The task
The required output is the exact text of the lines from the line containing "RPG/汉化丨特命少女艾吉斯·粉红/特命少女アイギス・ピンク AI汉化版【20240602】 游戏截图" through the final line below, inclusive, without pictures.

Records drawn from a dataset
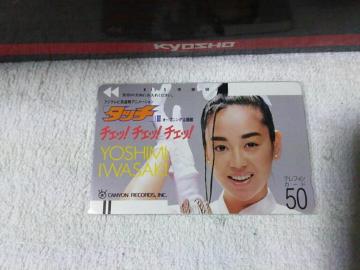 ڶ 50x ǔ 3 !!! '86 ذ110#7867 gp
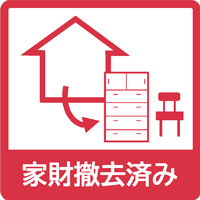 家財撤去済み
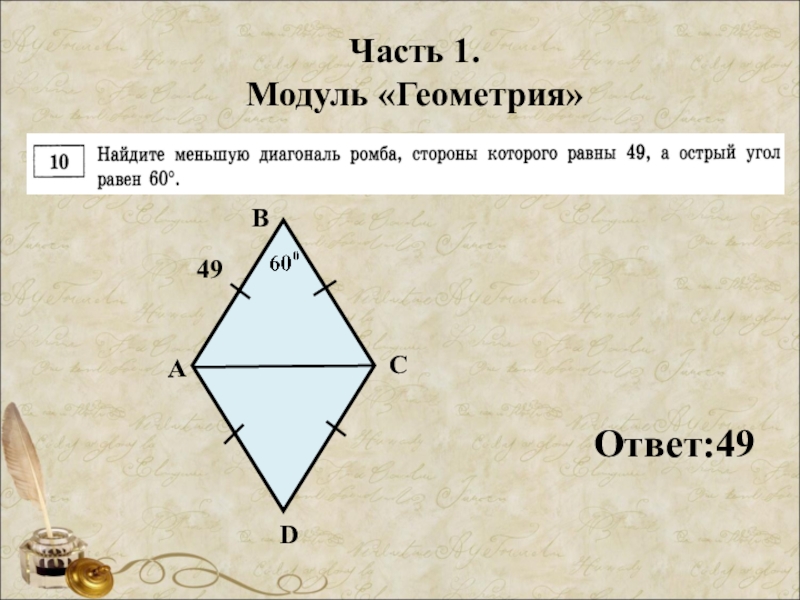 Подготовка к огэ по геометрии 9 класс презентация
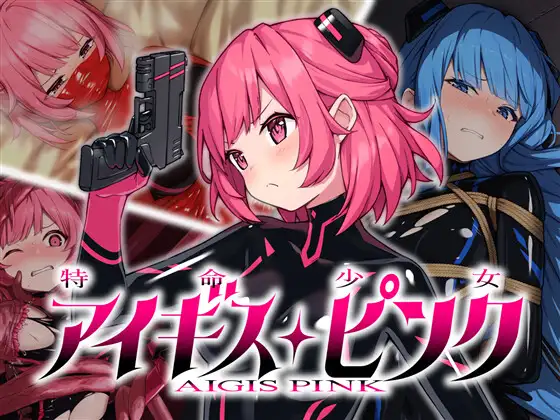 RPG/汉化丨特命少女艾吉斯·粉红/特命少女アイギス・ピンク AI汉化版【20240602】 游戏截图 8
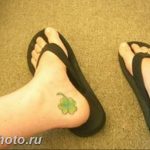 фото тату клевер четырехлистный 24.12.2018 №066 - four leaf clover tattoo - tattoo-photo.ru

Response to this exercise
 RPG/汉化丨特命少女艾吉斯·粉红/特命少女アイギス・ピンク AI汉化版【20240602】 游戏截图 8
 фото тату клевер четырехлистный 24.12.2018 №066 - four leaf clover tattoo - tattoo-photo.ru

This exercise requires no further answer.